- [Directions]: In your copy of the data, include no pictures and alter nothing else.

- [Supplied data]:
= = = = = = =
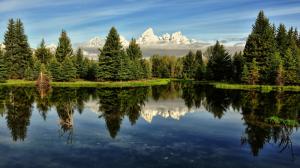 Nature scenery, lake, trees, water reflection wallpaper thumb
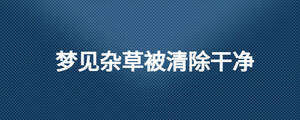 夢(mèng)見雜草被清除干凈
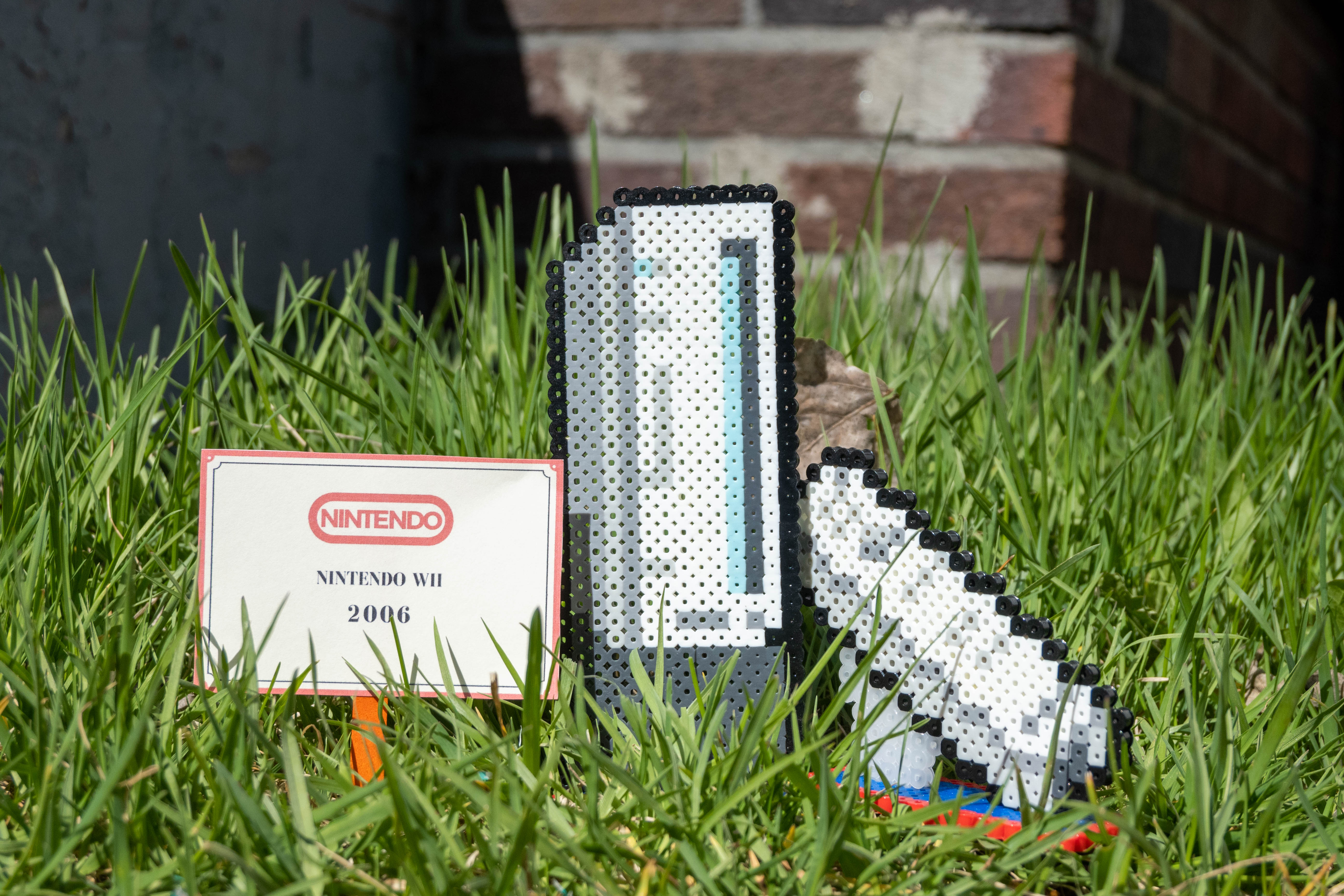 White Wii system made out of Perler brand fuse beads.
= = = = = = =
- [Answer]:
 Nature scenery, lake, trees, water reflection wallpaper thumb
 夢(mèng)見雜草被清除干凈
 White Wii system made out of Perler brand fuse beads.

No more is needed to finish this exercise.